THE QUESTION OF BRUNO
ALEKSANDAR HEMON - 2000
Sono stati scomodati certi nomi da far rabbrividire: Conrad, Nabokov, Kundera, con reminiscenze proustiane e joyciane. Insomma, a parte Kundera, decisamente ad un livello inferiore, siamo tra i gioghi eccelsi del Parnaso. Libro dell’anno quando uscì negli States nel 2000 secondo le più autorevoli testate, dal New Yortk Times al Los Angeles Times al New Yorker ad Esquire, Hamon non poteva che suscitare curiosità. The Question of Bruno è composto da otto racconti che assomigliano ad un blogger-profile con ricordi d’infanzia, foto, personaggi reali ed eroi immaginati. Come in molte delle espressioni letterarie più riuscite tutto si mescola e si confonde. È difficile stabilire dove finisce il reale ed iniziano sogno e fantasticheria quando un pulviscolo dorato avvolge gli avvenimenti raccontati. E i fatti sono raccontati con una lingua diretta, sintatticamente semplice, secondo i canoni di chi usa una lingua non propria. Come nel migliore Nabokov c’è in The Question Of Bruno la volontà di recuperare un mondo definitivamente scomparso attraverso uno strumento che di quel mondo non faceva parte. Nel senso che parlare dei propri paradisi dell’infanzia senza utilizzare lo strumento principe che veicolò le sensazioni del passato, la lingua madre, è una scelta forte, programmatica, che comporta uno sforzo supplementare di riflessione. È vero anche che l’uso dell’inglese ha permesso allo scrittore bosniaco-americano una visibilità immediata, ma è anche vero che oltre al mezzo conta anche il contenuto e a proposito di contenuti l’opera d’esordio di Hemon è veramente esplosiva.

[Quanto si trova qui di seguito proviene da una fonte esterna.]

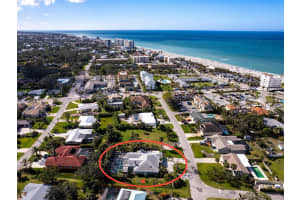 721 CADIZ ROAD, VENICE, FL 34285 Sold 07/17/25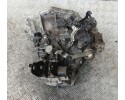 Caja de Cambios Toyota Yaris III 1.33 VVTI 6 Velocidades 2014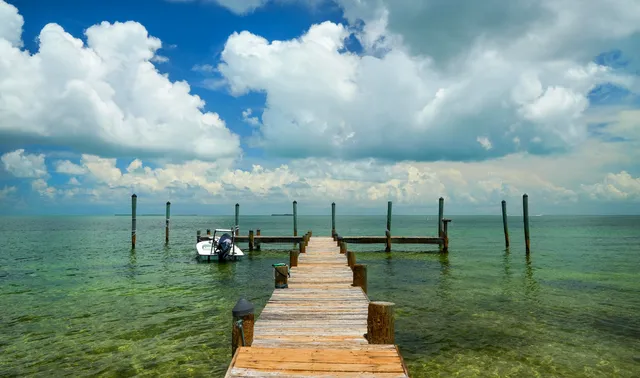 $4,975,000 | 75750 Overseas Highway, Islamorada, FL 33036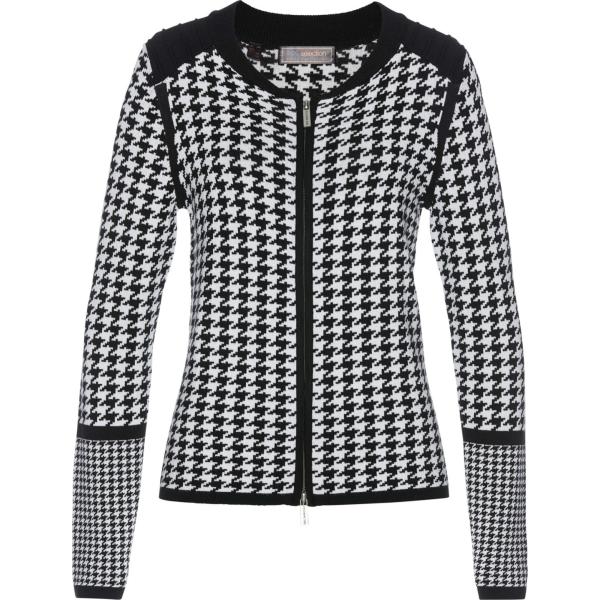 cardigans Bpc selection multicolore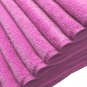 Microfiber All Purpose Use Dish Towels16*23"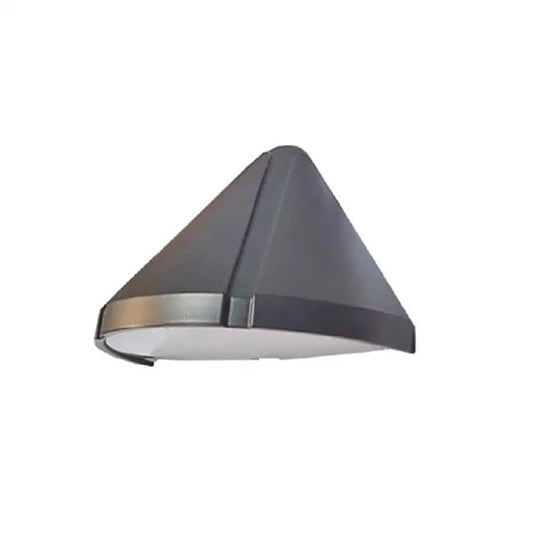 Light fixture, by Cano Light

Hemon è proprio bravo, la brevità non toglie nulla alla profondità e alla resa cromatica del racconto. Quadri di vita e letteratura, esistenze parallele, immagini che riaffiorano da una storia all’altra e soprattutto colori, sapori, suoni. Insomma, tutti i sensi vengono coinvolti nella prosa di questa ‘leggera’ raccolta di racconti. Ed è la leggerezza, quella di cui parlava Calvino, a rappresentare meglio i momenti più riusciti del libro, che contiene anche qualche ‘pesantezza’, ma parlare di Sarajevo e della Ex-Yugoslavia, di comunismo e di cecchini che sparano dai tetti è in sé una pesantezza. Ed è questa un’altra sfida vinta, narrare il pesante con levità .

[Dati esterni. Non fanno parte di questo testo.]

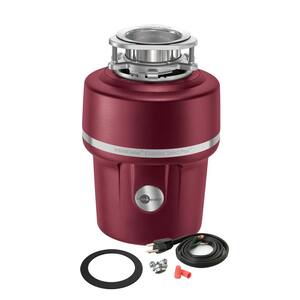 InSinkErator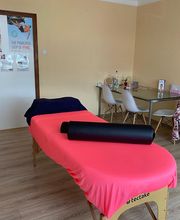 Corinna Vignal Bild 4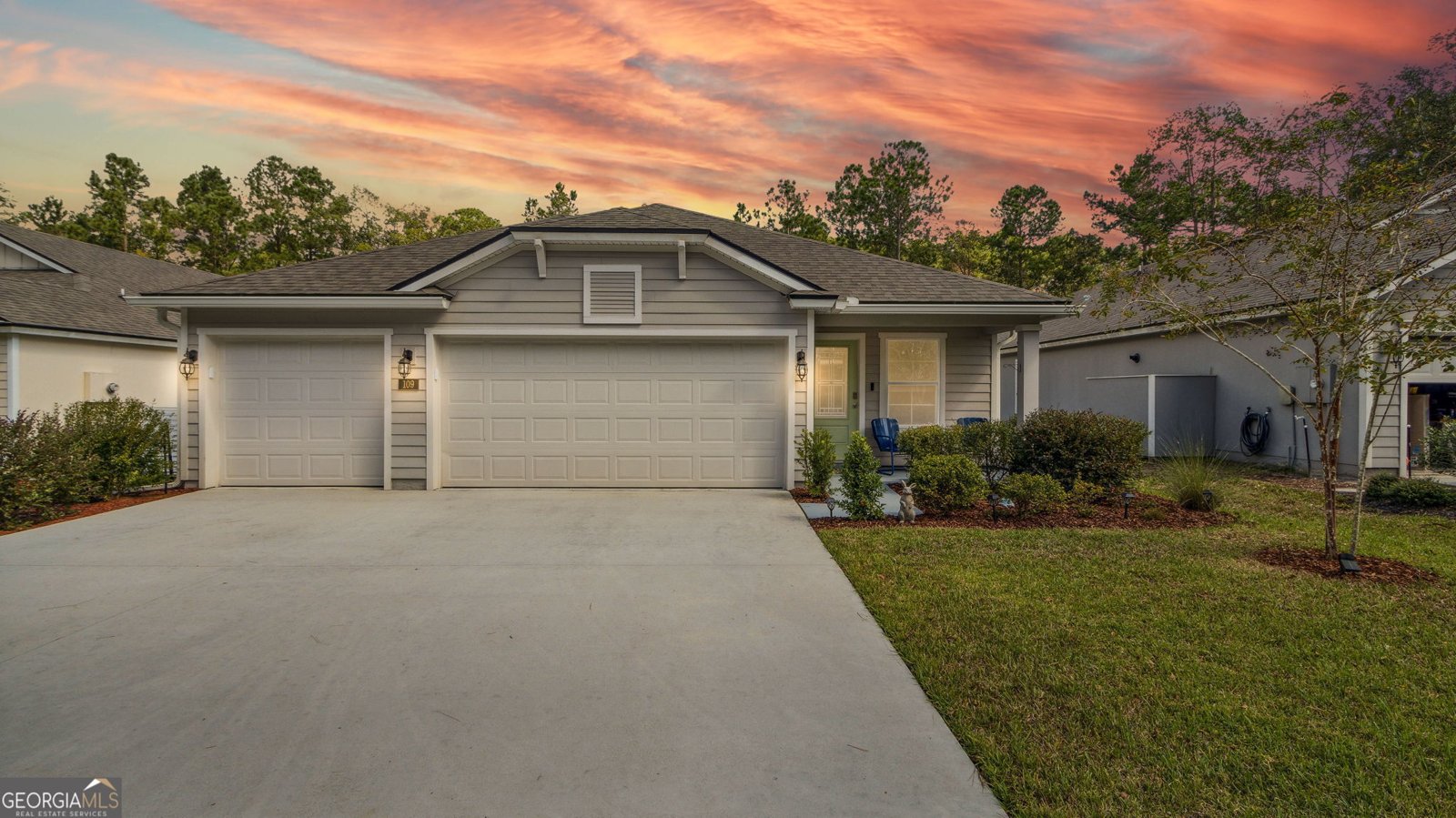 109 Holm Place St. Marys - 2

Tra i molti momenti felici va citata in particolare la descrizione, in soggettiva, di una perdita di coscienza. Siamo nel quinto racconto, nel pieno di una grande festa familiare quando il piccolo testimone degli eventi ha un mancamento in cui le facoltà sensitive perdono coerenza ma sono al tempo stesso più percettive. Gira tutto, sembra di essere dentro una lavatrice, per dirla con il narratore e parte una pagina magistrale, da leggere e rileggere.

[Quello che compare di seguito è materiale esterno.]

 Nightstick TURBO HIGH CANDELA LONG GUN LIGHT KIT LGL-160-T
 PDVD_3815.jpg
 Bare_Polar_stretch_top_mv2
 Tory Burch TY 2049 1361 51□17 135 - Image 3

Da ricordare anche il picaresco Blind Jozef Pronek, il racconto più lungo della raccolta. Il giovane bosniaco Pronek arriva negli Stati Uniti mentre nella sua patria lontana ma sempre presente, infuria la guerra. Inizia un viaggio stralunato da una città all’altra, dove si incontrano i più assurdi personaggi e noi vediamo l’America attraverso lo sguardo di questo europeo, tra un Holden e un Borat, che scivola imbranato sulle cose e le persone che lo circondano, illuminandole con i suoi pensieri apparentemente ingenui ma in realtà profondi.
Si giunge velocemente alla fine, felici per la lettura di un libro vivo, fresco e ben scritto.
ciao sto ascoltando holiday in cambodia where the people are one, leggeró hemon al mio ritorno, grazie della visita.